The PAUSE intrinsic is used in spin-wait loops with the processors implementing dynamic execution (especially out-of-order execution). In the spin-wait loop, PAUSE improves the speed at which the code detects the release of the lock. For dynamic scheduling, the PAUSE instruction reduces the penalty of exiting from the spin-loop.

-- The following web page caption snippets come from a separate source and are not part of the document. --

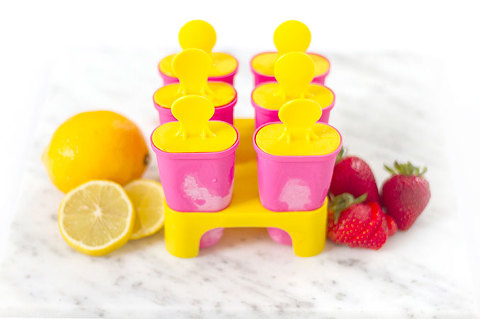 DIY Strawberry Lemonade Popsicles | Dream Green DIY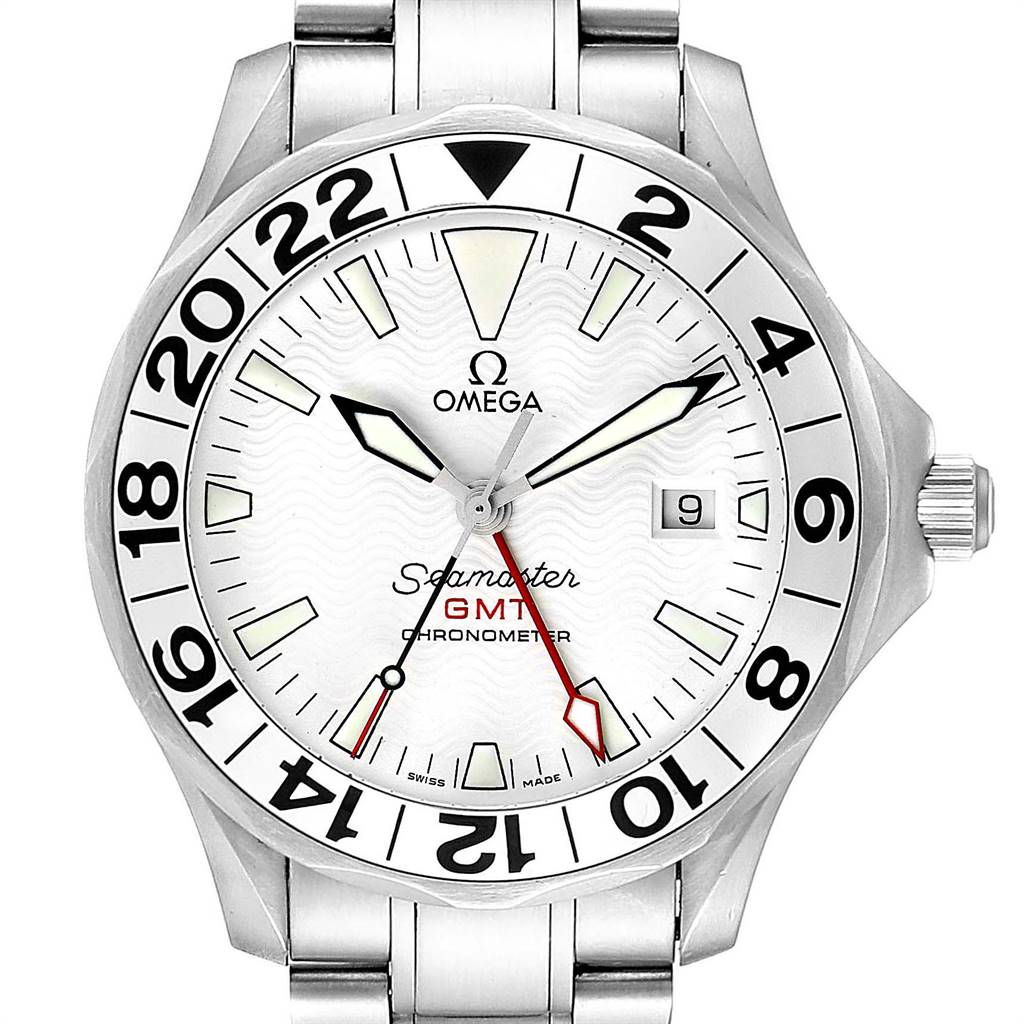 The image shows a front view of an Omega Seamaster 2538.20.00 Men
s Stainless Steel White Dial 2538.20.00 Men
s Stainless Steel White Dial GMT Chronometer watch, highlighting its face, bezel, and part of the metal bracelet.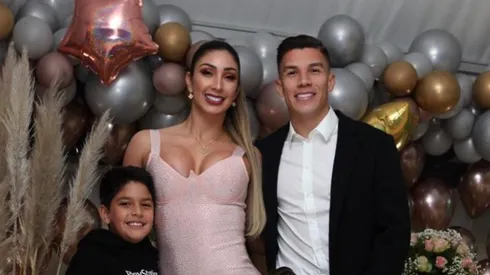 Mateus Uribe en la fiesta de cumpleaños de su esposa, Cindy Álvarez.
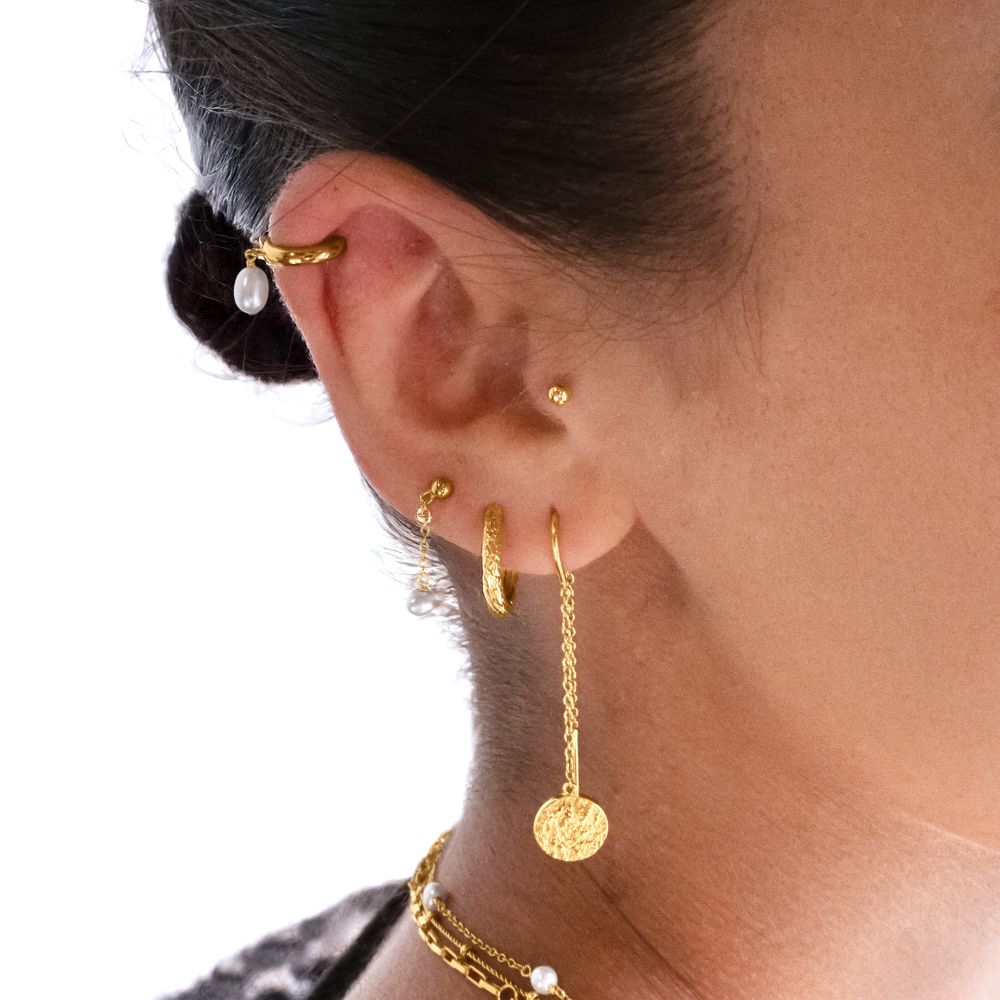 Drop earrings in 18 carat yellow gold vermeil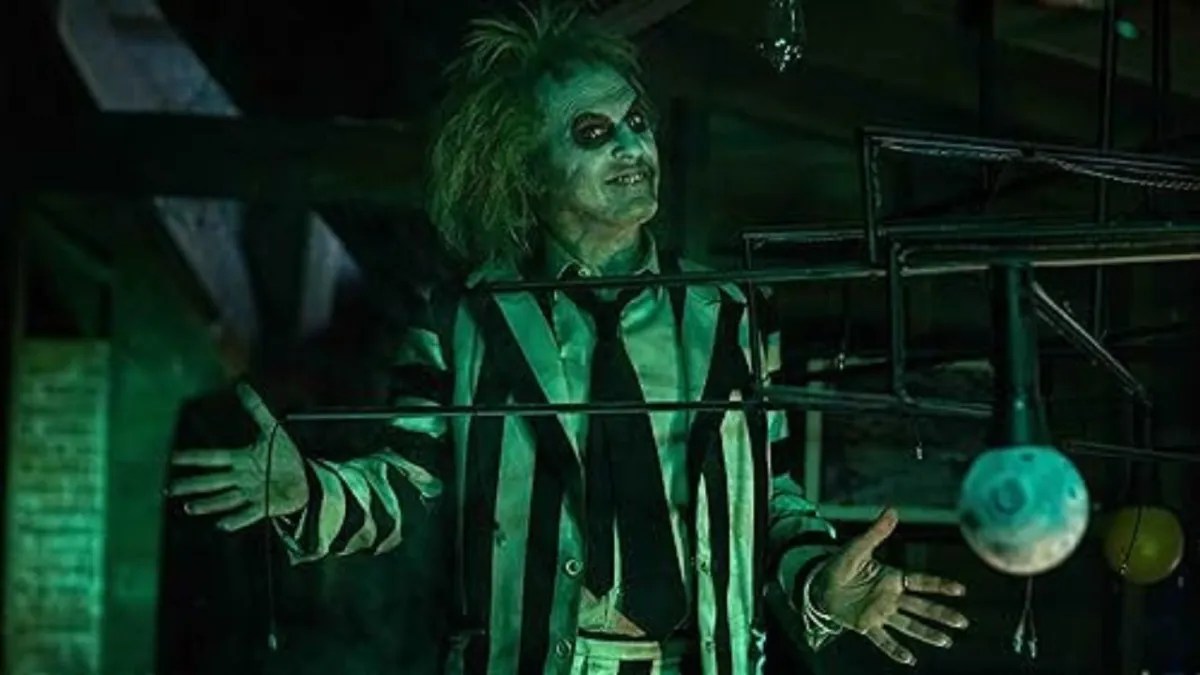 Foto: X/@warnerbrosmx | Beetlejuice Beetlejuice llega en un momento peculiar, en el que el séptimo arte ha volteado a revivir títulos del pasado, principalmente de la época de los 80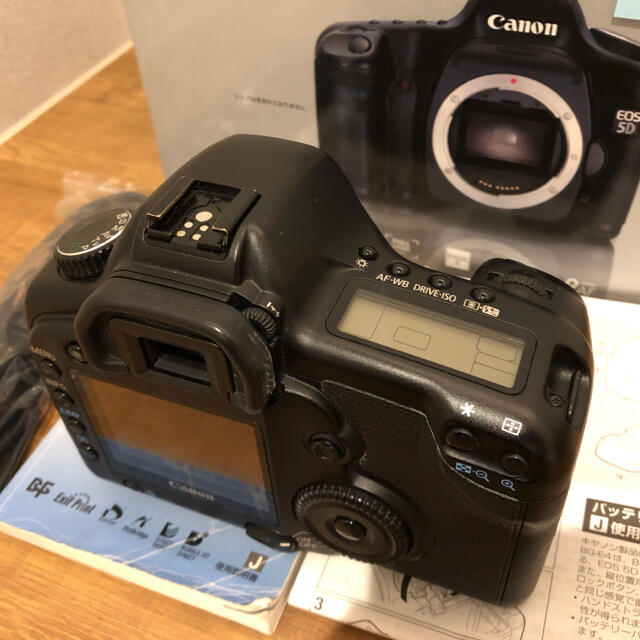 Canon(キヤノン)の【中古】初代Canon EOS 5D 管理③ 状態：C(やや難あり) スマホ/家電/カメラのカメラ(デジタル一眼)の商品写真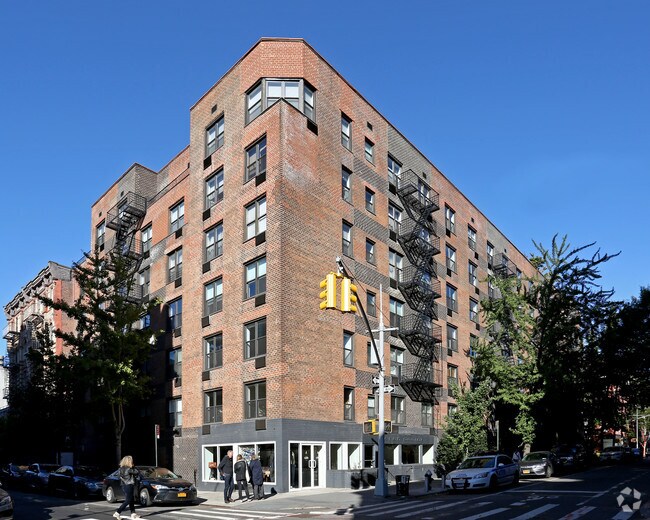 Building Photo - 350 Bleecker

Example of loop with the PAUSE instruction:

spin_loop:pause

cmp eax, A

jne spin_loop

In the above example, the program spins until memory location A matches the value in register eax. The code sequence that follows shows a test-and-test-and-set. In this example, the spin occurs only after the attempt to get a lock has failed.

get_lock: mov eax, 1

xchg eax, A ; Try to get lock

cmp eax, 0 ; Test if successful

jne spin_loop

Critical Section:

<critical_section code>

mov A, 0 ; Release lock

jmp continue

spin_loop: pause; Spin-loop hint

cmp 0, A ; Check lock availability

jne spin_loop

jmp get_lock

continue: <other code>

Note that the first branch is predicted to fall-through to the critical section in anticipation of successfully gaining access to the lock. It is highly recommended that all spin-wait loops include the PAUSE instruction. Since PAUSE is backwards compatible to all existing IA-32 processor generations, a test for processor type (a CPUID test) is not needed. All legacy processors will execute PAUSE as a NOP, but in processors which use the PAUSE as a hint there can be significant performance benefit.